[Opening Given data section]

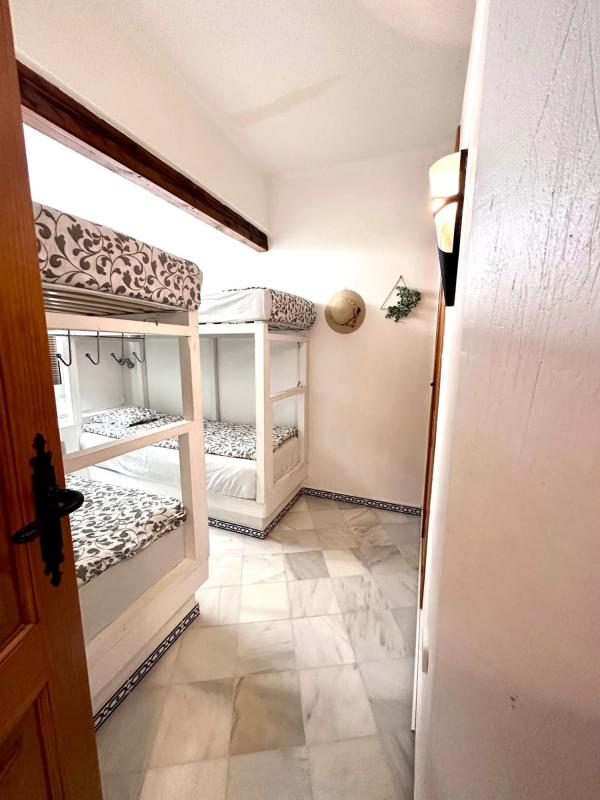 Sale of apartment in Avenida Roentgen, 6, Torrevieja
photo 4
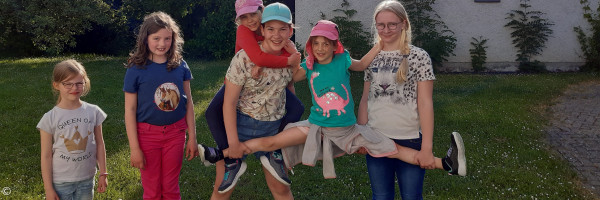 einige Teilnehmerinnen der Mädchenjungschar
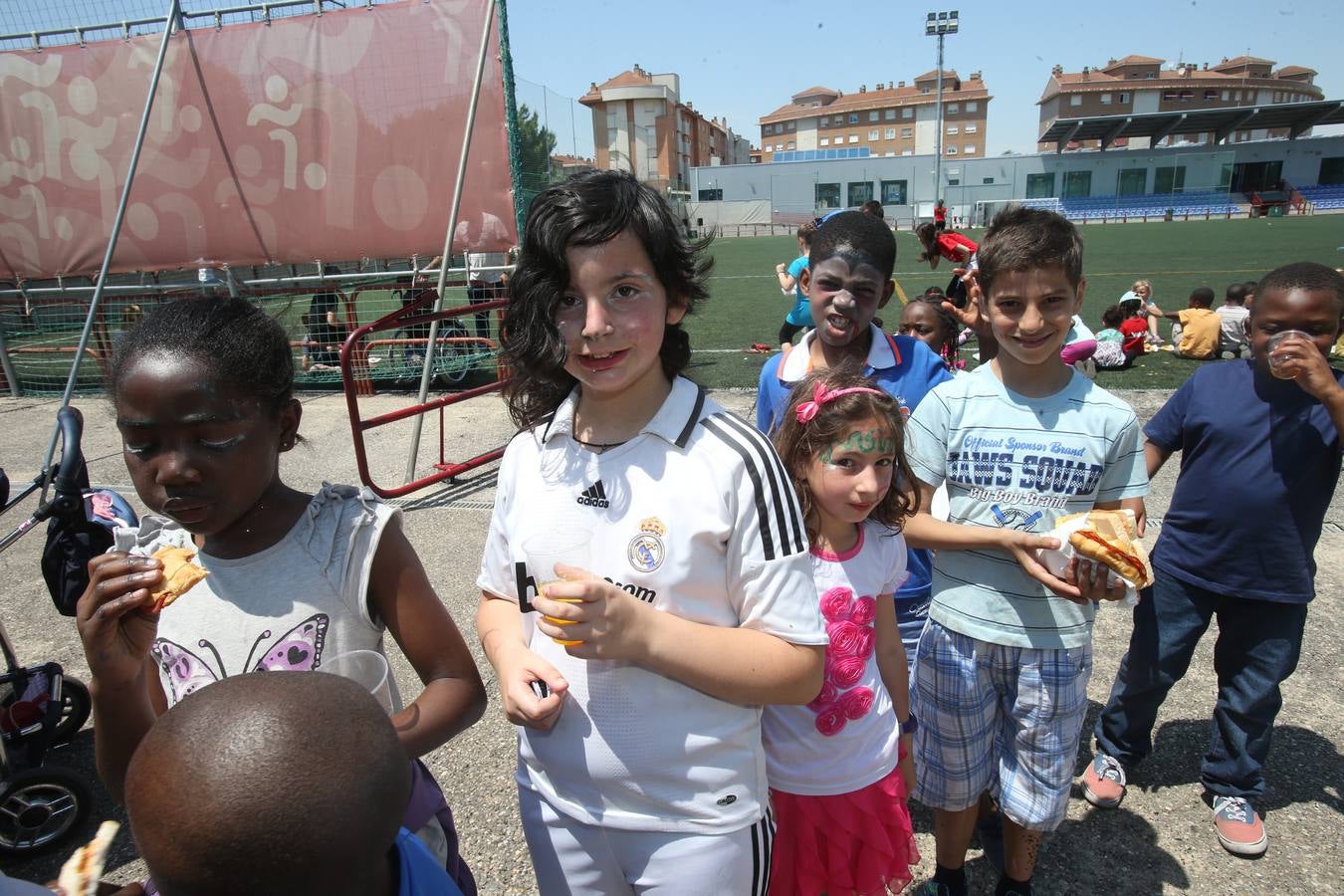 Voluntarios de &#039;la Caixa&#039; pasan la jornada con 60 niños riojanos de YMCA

[Closing Given data section]
[Opening Given data section]

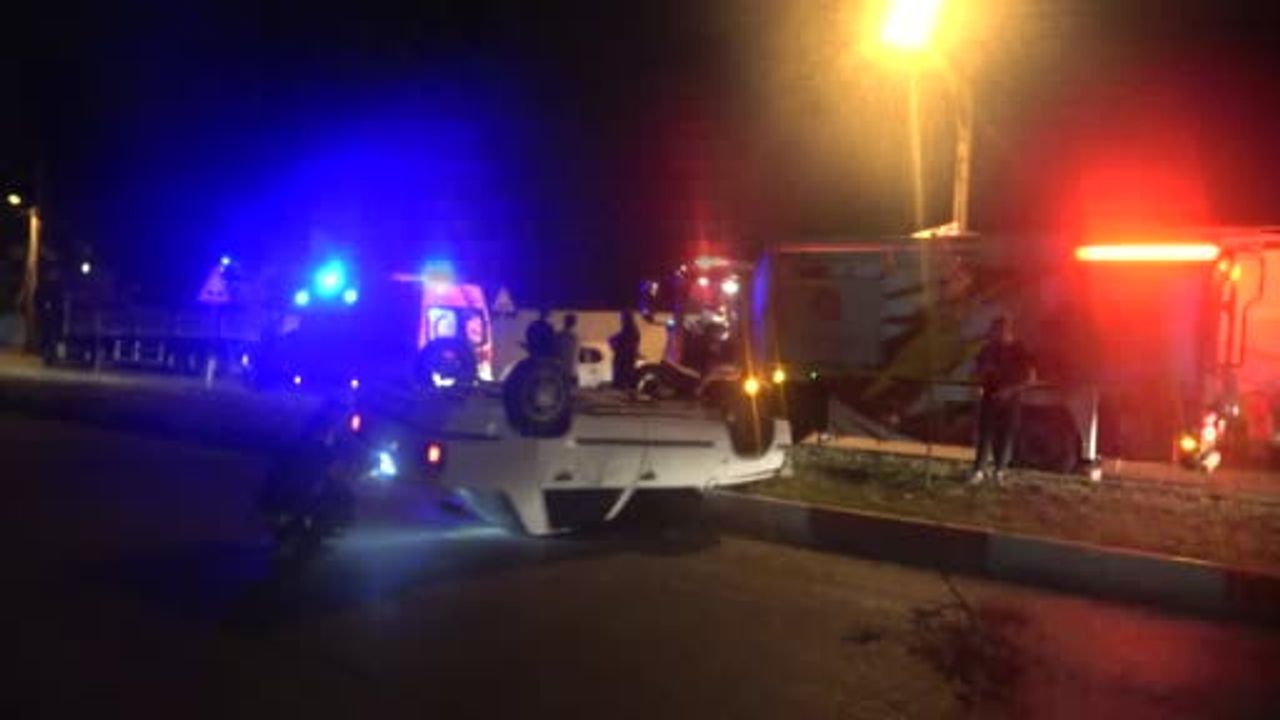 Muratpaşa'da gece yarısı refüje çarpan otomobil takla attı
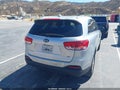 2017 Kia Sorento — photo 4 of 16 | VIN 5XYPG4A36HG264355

[Closing Given data section]

Take the material above from the line containing "Sale of apartment" up to and including the line containing "Voluntarios de &#039;la" and retype it exactly, without any pictures.

● Task answer
 Sale of apartment in Avenida Roentgen, 6, Torrevieja
photo 4
 einige Teilnehmerinnen der Mädchenjungschar
 Voluntarios de &#039;la Caixa&#039; pasan la jornada con 60 niños riojanos de YMCA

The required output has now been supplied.